(Information shown Opens)

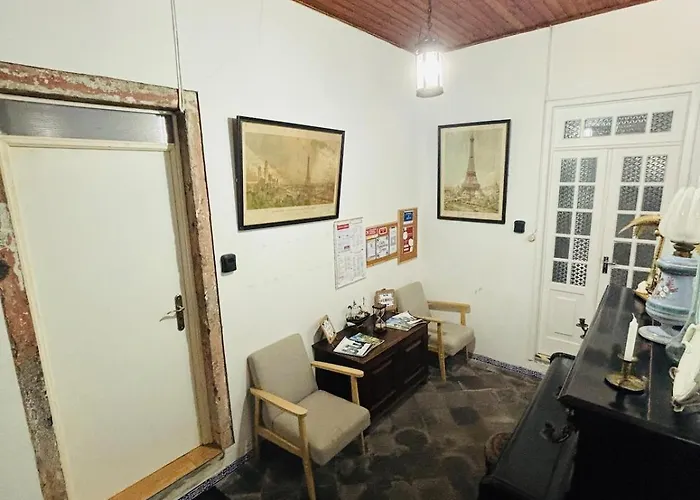 58 - Casa Pamplona Serpa Lejlighed Ponta Delgada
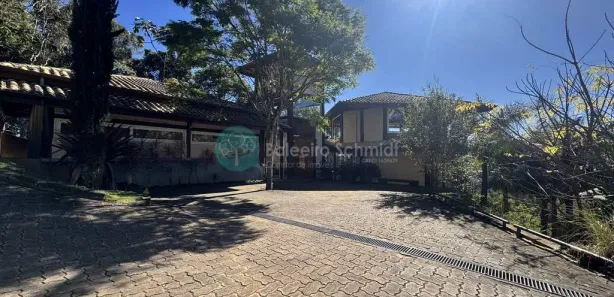 Casa de Condomínio com 2 Quartos à venda, 5000m² no Centro, Santo Antônio do Pinhal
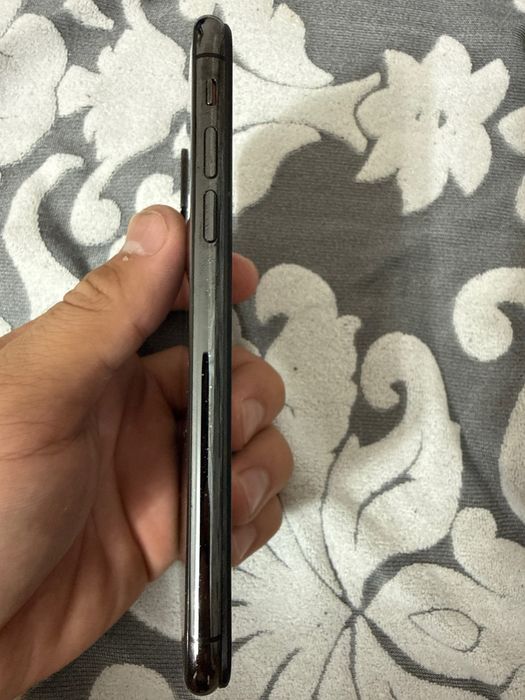 Iphone X 256гб 100%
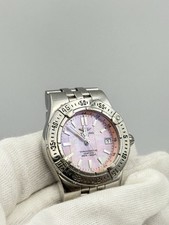 Breitling MOP Pink Dial Women's Watch - A71340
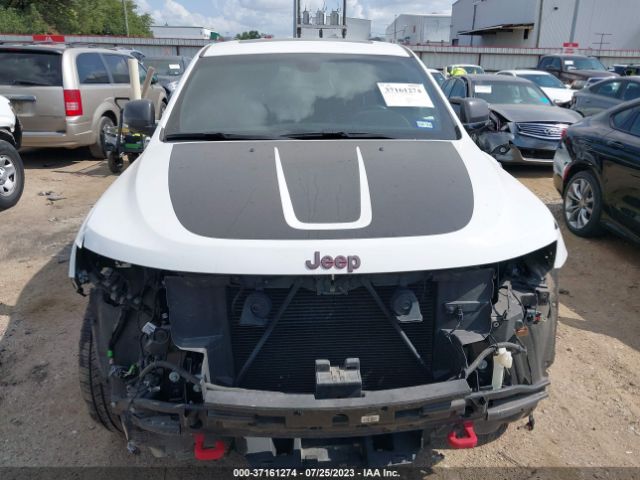 1C4RJFLG0MC646367 Jeep Grand Cherokee Trailhawk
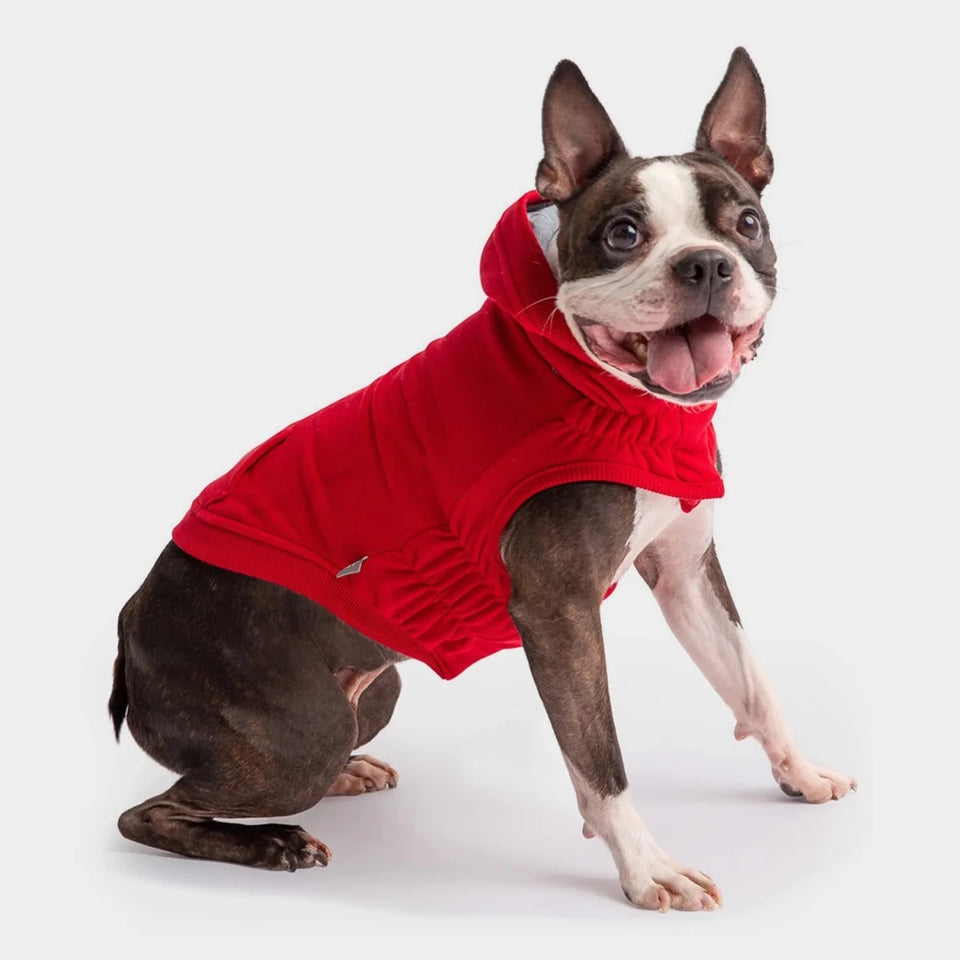 GF Pet Elasto-Fit Urban Dog Hoodie with Kangaroo Pocket, view 11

(Information shown Closes)

* Description of the task
Nothing should be printed except the lines from the one with "Breitling MOP Pink" through the last line of the listing above, both ends included; please drop the pictures.

* Response below
 Breitling MOP Pink Dial Women's Watch - A71340
 1C4RJFLG0MC646367 Jeep Grand Cherokee Trailhawk
 GF Pet Elasto-Fit Urban Dog Hoodie with Kangaroo Pocket, view 11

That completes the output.